Mechanism of Enzyme Action

Enzymes as Biochemical Catalysts

Enzymes are also termed biochemical catalysts, and the phenomenon is termed biochemical catalysis. Enzymes are commonly added in beverages, chocolates, curd, predigested baby food, washing powders, etc., to aid or accelerate their efficient preparation and effect.

Examples of Enzyme Catalysis

1. Inversion of cane sugar: The enzyme invertase converts cane sugar into glucose and fructose.

\({{\rm{C}}_{12}}{{\rm{H}}_{22}}{{\rm{O}}_{11}}({\rm{aq}}) + {{\rm{H}}_2}{\rm{O}}(1)\mathop \to \limits^{{\rm{ Invertase }}} {{\rm{C}}_6}{{\rm{H}}_{12}}{{\rm{O}}_6}({\rm{aq}}) + \mathop {{{\rm{C}}_6}{{\rm{H}}_{12}}{{\rm{O}}_6}}\limits_{{\rm{ Glucose }}} ({\rm{aq}})\)

2. Conversion of milk into curd: The enzyme lactase secreted from lactobacilli is responsible for converting milk into curd.

3. Conversion of glucose into ethyl alcohol: The zymase enzyme converts glucose into ethyl alcohol and carbon dioxide.

\(\mathop {{{\rm{C}}_6}{{\rm{H}}_{12}}{{\rm{O}}_6}}\limits_{{\rm{ Gilucose }}} ({\rm{aq}})\mathop \to \limits^{{\rm{ zymase }}} \mathop {2{{\rm{C}}_2}{{\rm{H}}_5}{\rm{OH}}}\limits_{{\rm{ Ethyl akohol }}} ({\rm{aq}}) + 2{\rm{C}}{{\rm{O}}_2}({\rm{aq}})\)

4. Conversion of starch into maltose: The diastase enzyme converts starch into maltose.

Factors Affecting Enzyme Catalysis

As we know, the function of enzymes is to increase the rate of enzyme catalysis. There are various factors that play a vital role in altering the rate of enzyme catalysis in a chemical reaction. These factors are pH, temperature, and the concentration of an enzyme and its substrate.

1. Concentration of Substrate

The rate of a chemical reaction in the presence of an enzyme increases as the substrate concentration increases until a limiting rate is reached, after which further increase in the substrate concentration produces no significant change in the reaction. At this point, the enzyme molecules are saturated with the substrate.
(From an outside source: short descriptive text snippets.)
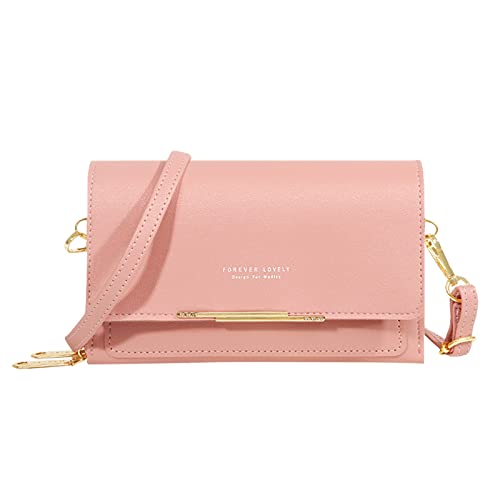 Lässige Umhängetasche für Damen, verstellbarer Riemen, Schultertasche mit Sichtfenster für Handy, Laptop, Messenger und Schultertaschen, rose, Einheitsgröße von Generisch
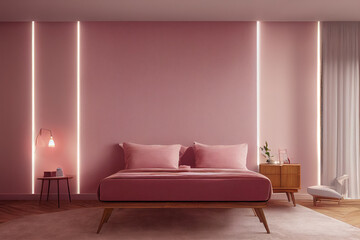 Chic Luxury Mid Century Modern Pink Bedroom Interior with Staged Interior Decor Made with Generative AI
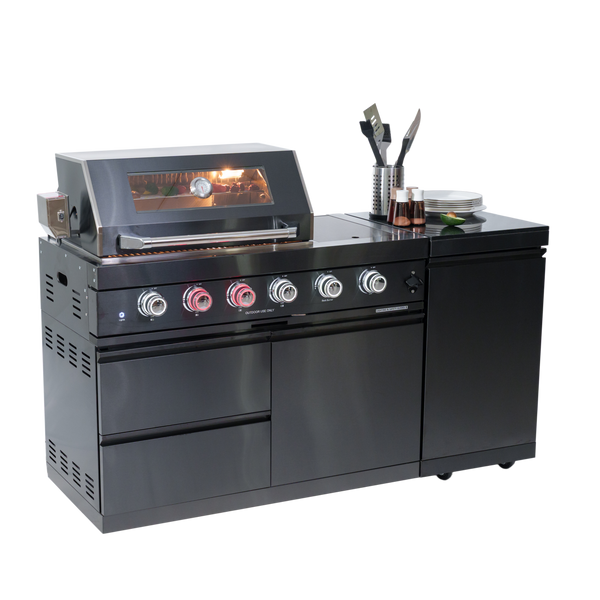 CheryLife 65-Inch 4-Burner Propane Gas Grill | 304 Marine Grade Stainless Steel Outdoor Kitchen Island BBQ w/ Side Burner & Rotisserie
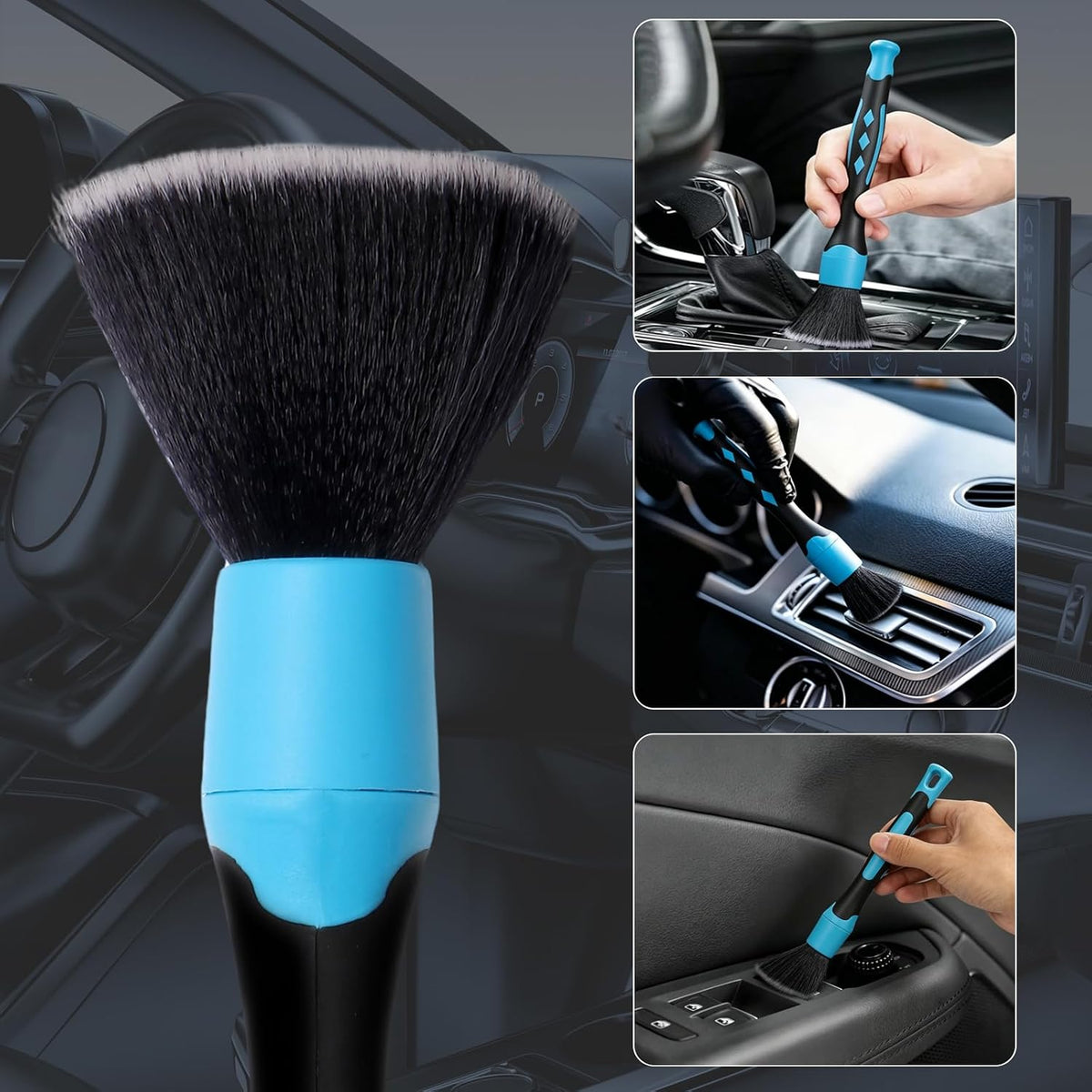 Car Duster Brush, Soft Car Interior Detailing Kit, Easy to Clean Interior Brush, Exterior Cleaning Tool, Auto Detailing Brushes for Dashboard, Air Vents, Seat Crevices, Skylight, Wheels & Tires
The excess substrate molecules cannot react until the substrate already bound to the enzymes has reacted and been released.

2. Concentration of Enzyme

When the concentration of the enzyme is significantly lower than the concentration of the substrate, the rate of an enzyme-catalysed reaction is directly dependent on the enzyme concentration. This is true for any catalyst; the reaction rate increases as the concentration of the catalyst is increased.

3. Temperature

A famous rule of thumb for most chemical reactions is that a temperature rise of 10°C approximately doubles the reaction rate. To some extent, this rule holds for all enzymatic reactions. After a certain point, even an increase in temperature causes a decrease in the reaction rate due to denaturation of the protein structure and disruption of the active site.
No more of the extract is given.